Chiese in fiamme nei territori dei popoli indigeni nel Canada occidentale. Gli episodi dopo la scoperta di un migliaio di tombe senza nome di nativi, in ex scuole gestite dalla Chiesa cattolica. I ritrovamenti hanno riacceso il dramma vissuto da circa 150 mila bambini di popolazioni autoctone, separati dalle famiglie e dalla loro cultura e iscritti a forza, fino agli anni ’90 del secolo scorso, in 139 scuole lager.
Genocidio culturale
L’indagine di una commissione d’inchiesta ha parlato di un vero e proprio “genocidio culturale”. Più di 4 mila giovani sono morti per malattia o per le pessime condizioni di sussistenza. Molti di loro hanno subito maltrattamenti o abusi sessuali. Con la mappatura radar del terreno, a maggio sono stati individuati i resti di 215 bambini della Nazione dei Tk’emlúps te Secwépemc, uno dei popoli autoctobi del Canada, nella British Columbia. Le sepolture senza nome di trovavano nella Kamloops Indian Residential School, attiva dal 1890 e chiusa nel 1978. La scorsa settimana la Nazione Cowessess ha annunciato il ritrovamento di 751 tombe presso la Marieval Indian Residential School nel Saskatchewan nella regione del Western Canada.
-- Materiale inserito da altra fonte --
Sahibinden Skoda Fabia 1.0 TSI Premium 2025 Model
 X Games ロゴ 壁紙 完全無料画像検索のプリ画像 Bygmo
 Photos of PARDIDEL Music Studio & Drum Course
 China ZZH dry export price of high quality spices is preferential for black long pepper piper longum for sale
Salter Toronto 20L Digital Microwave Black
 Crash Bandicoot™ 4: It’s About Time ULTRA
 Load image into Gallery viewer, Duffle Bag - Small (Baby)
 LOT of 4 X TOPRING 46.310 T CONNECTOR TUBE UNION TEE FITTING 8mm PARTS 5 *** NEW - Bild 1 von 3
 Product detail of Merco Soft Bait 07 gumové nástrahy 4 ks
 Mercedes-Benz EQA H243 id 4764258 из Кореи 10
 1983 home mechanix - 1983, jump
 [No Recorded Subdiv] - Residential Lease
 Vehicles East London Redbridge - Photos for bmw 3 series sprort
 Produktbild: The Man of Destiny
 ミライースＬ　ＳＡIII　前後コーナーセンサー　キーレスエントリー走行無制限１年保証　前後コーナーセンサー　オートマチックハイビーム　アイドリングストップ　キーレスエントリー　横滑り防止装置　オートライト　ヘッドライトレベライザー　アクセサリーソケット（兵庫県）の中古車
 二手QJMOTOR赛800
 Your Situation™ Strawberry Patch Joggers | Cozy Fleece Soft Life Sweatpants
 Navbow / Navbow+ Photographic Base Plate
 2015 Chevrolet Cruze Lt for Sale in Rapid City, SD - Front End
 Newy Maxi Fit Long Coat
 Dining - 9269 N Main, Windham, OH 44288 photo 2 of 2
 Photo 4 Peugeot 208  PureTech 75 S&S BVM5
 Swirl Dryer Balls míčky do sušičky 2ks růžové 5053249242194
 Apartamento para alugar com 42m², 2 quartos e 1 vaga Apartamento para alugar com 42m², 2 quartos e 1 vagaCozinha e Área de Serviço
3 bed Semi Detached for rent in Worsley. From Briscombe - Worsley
Una tragedia immensa, che vede un ruolo preciso della Chiesa cattolica nella campagna di assimilazione forzata per i giovani indigeni.
Incendiari
I ragazzi venivano obbligati a seguire le tradizioni dei colonizzatori europei, inclusa l’adozione del cristianesimo. Incendiari finora sconosciuti hanno dato alle fiamme alcune chiese nella regione di British Columbia. Il 21 giugno il fuoco ha distrutto due siti religiosi a Penticton e a Oliver, che distano tra loro una cinquantina di chilometri. Nell’ultimo fine settimana incendiati edifici di culto cattolici a St. Ann e a Chopaka nell’area di Similkameen Country, abitata dall’omonima Nazione indigena.
Terribili errori
“Le indagini sugli incendi di chiese sono in corso senza arresti o accuse”, ha detto il sergente della Royal Canadian Mounted Police, Jason Bayda. Venerdì scorso il primo ministro canadese, Justin Trudeau, si è pubblicamente scusato per i “terribili errori” nella politica di assimilazione forzata delle Nazioni autoctone. Il premier ha chiesto al Papa un analogo riconoscimento degli sbagli compiuti e non ha escluso l’apertura di un’indagine penale.